Visited Northern Tea Power in Manchester this afternoon and had the good fortune to try some cold brewed Honduras using a Hario cold brewer

View attachment 3193


Wayne said central American coffees seem to work well - lots of chocolate and toffee flavours. Mine was served with loads of ice - nice touch. Drinking cold brewed coffee is like nothing else - you expect the normal coffee experience of pour over coffee but the experience is anything but - it's very intense. First off, the smell reminded me of Tia Maria - very strong on the nose. Taste-wise, bright fruity sour/bitterness - quite pronounced, giving way to a long, long toffee caramel burnt butterscotch after taste that lingered and lingered. I could taste the coffee half an hour later. Strongly recommend you get over to NTP and try for yourself - it's an intriguing experience.


----------



## Kyle548 (Jan 24, 2013)

NTP are good at brewed coffee.

Be interesting to see their cold brew.


----------



## CoffeeDiva (May 9, 2013)

Love NTP. Had a tasty iced latte when I was in there at the end of last month. Now think I should have tried this.


----------



## 4085 (Nov 23, 2012)

I find the prospect of cold coffee interesting. Has anyone tried these?

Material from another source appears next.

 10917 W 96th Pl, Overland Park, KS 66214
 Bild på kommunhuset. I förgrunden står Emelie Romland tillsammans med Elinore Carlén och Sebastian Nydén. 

http://www.amazon.co.uk/dp/B001VPXEBU


----------



## Danm (Jan 26, 2012)

From what i have read i think you need to up the dosage (x2) for cold brewed.

I have been sampling some good iced mochas at home recently...

Good double expresso

Some choloate syrup

Then 2 parts milk to 1 part iced water.

Very refreshing and slightly indulgent for those who like their milky drinks


----------